Professor Costa Samaras

Constantine (Costa) Samaras is the Director of the Carnegie Mellon University Scott Institute for Energy Innovation, and is a professor in the Department of Civil and Environmental Engineering and Affiliated Faculty in the Department of Engineering and Public Policy. His research focuses on the pathways to clean, climate-safe, equitable, and secure energy and infrastructure systems. Costa analyzes how technologies and policies affect energy use and national security, resilience to climate change impacts, economic and equity outcomes, and life cycle environmental emissions and other externalities. He is a Founder and Director of both the Center for Engineering and Resilience for Climate Adaptation and the Power Sector Carbon Index. He is by courtesy, a faculty member in CMU's H. John Heinz III College of Information Systems and Public Policy. From 2021-2024, he served in the White House Office of Science and Technology Policy (OSTP) as the Principal Assistant Director for Energy, OSTP Chief Advisor for Energy Policy, and then OSTP Chief Advisor for the Clean Energy Transition.

With more than two decades of experience in energy, transportation, and climate change, he has served on three National Academies Committees evaluating emerging energy technologies and earth systems research, served as the Chair of the ASCE Committee on Adaptation to a Changing Climate, and served on the Alternative Transportation Fuels and Technologies Committee the Energy Committee of the Transportation Research Board. He has published numerous studies examining electric and automated vehicles, renewable electricity, life cycle assessment, clean energy transitions and decarbonization policy, AI ethics, and climate resilience, in journals such as Nature, Proceedings of the National Academies of Sciences, Nature Climate Change, Environmental Research Letters, Climatic Change, and others. He was also a contributor to the 4th National Climate Assessment, and was one of the Lead Author contributors to the Global Energy Assessment. His 2008 paper helped define modern electric vehicle life cycle assessment broadly across the field, and he co-authored a foundational 2014 RAND report that defined future directions on autonomous vehicles and public policy. Costa has also led analyses on energy security, strategic basing, and infrastructure issues faced by the Department of Defense. In 2014, he created the course “Climate Change Adaptation for Infrastructure”, which is one of the first civil and environmental engineering courses in the world that teaches climate change adaptation to engineers. This led to the creation of a graduate concentration in Climate Change Adaptation in the Civil and Environmental Engineering Department at Carnegie Mellon University. He also teaches courses on energy use and systems assessment, and infrastructure and environmental interconnections. In 2018, he was named Professor of the Year by the Pittsburgh Section of the American Society of Civil Engineers. He holds a U.S. patent for a system that charges and optimizes fleets of small automated delivery vehicles.
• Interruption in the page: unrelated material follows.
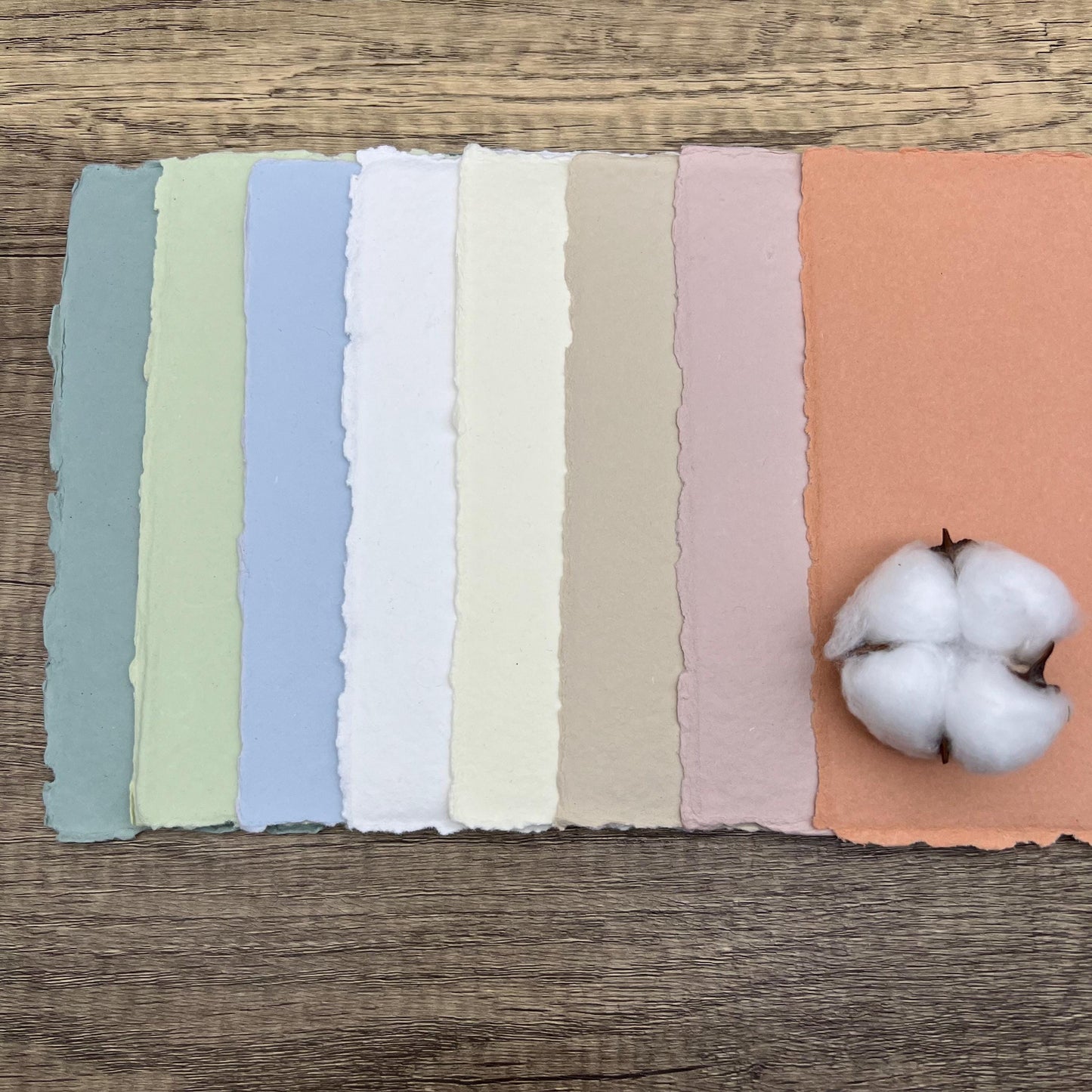 A6 Handmade Cotton Paper, Set of 10 - Premium Quality for Art, Stationery, Weddings - Eco-Friendly, White, Ivory, Sage Green, Beige, Pink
He regularly provides commentary to online, print, radio, and television media, and his writing and comments have appeared in The New York Times, The Washington Post, The Wall Street Journal, The Los Angeles Times, NPR, The Atlantic, PBS, ABC News, CBS News, NBC News, WIRED, and other outlets. He has presented his research and policy implications to current and former Cabinet Secretaries, senior appointed governmental leaders, senior federal and military decisionmakers, Congress Members and professional staff, and the leadership of major utilities, automotive companies, and technology firms.

From 2009 to 2014 he was a RAND Corporation senior researcher, most recently as a Senior Engineer and a Professor at the Pardee RAND Graduate School, and was an Adjunct senior analyst through 2021. From 2008 to 2009 he was a post-doctoral fellow in the Climate Decisionmaking Center at Carnegie Mellon, working on electric transportation and low-carbon technology policy. From 1999 to 2004 he was an engineer working on several multibillion-dollar infrastructure megaprojects in New York, including the extension of the Number 7 subway line in Manhattan, and also worked on the rebuilding of the subway line underneath of the World Trade Center after the attacks of September 11, 2001.

Costa received a joint Ph.D. in Civil and Environmental Engineering and Engineering and Public Policy from Carnegie Mellon, a M.P.A. in Public Policy from the Wagner Graduate School of Public Service at New York University, and a B.S. in Civil Engineering from Bucknell University.